Your instructions: Please count the lines in these records that contain "white" and give only that count.

[Collection entries]
BEGIN
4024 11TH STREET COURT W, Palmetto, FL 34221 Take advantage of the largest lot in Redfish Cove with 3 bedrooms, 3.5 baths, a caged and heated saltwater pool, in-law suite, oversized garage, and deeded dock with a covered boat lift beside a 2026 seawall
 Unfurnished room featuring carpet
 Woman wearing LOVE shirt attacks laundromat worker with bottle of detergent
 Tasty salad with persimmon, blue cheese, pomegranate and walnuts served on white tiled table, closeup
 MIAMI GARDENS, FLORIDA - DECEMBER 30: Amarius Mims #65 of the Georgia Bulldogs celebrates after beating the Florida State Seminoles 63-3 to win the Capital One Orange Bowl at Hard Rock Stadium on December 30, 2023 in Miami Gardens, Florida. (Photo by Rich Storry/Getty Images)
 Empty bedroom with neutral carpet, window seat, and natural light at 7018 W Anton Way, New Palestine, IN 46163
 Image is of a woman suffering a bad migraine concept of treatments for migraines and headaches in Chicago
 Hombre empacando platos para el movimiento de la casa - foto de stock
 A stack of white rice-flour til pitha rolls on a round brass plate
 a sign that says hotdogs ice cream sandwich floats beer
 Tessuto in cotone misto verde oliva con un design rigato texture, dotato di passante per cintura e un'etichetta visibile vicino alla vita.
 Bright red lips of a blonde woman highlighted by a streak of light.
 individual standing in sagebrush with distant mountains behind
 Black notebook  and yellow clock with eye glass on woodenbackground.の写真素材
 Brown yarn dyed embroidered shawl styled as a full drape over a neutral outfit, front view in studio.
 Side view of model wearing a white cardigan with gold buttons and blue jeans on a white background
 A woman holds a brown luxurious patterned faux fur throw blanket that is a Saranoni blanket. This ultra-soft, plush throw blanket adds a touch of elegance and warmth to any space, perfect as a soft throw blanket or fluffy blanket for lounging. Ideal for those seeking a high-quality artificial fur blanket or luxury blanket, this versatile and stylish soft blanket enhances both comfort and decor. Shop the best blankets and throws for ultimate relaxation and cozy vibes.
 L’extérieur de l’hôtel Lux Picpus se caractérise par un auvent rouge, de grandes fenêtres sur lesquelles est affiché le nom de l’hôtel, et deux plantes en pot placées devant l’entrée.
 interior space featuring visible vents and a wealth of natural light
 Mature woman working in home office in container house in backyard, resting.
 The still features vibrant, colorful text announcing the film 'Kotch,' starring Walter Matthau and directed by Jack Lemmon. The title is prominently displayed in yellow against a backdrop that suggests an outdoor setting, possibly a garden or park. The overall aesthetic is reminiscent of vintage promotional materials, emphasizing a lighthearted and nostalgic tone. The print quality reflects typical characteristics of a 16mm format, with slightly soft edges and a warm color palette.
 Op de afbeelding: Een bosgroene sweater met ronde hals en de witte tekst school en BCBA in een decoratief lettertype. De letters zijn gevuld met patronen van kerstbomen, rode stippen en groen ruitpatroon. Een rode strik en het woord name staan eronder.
END
Exercise solution: 3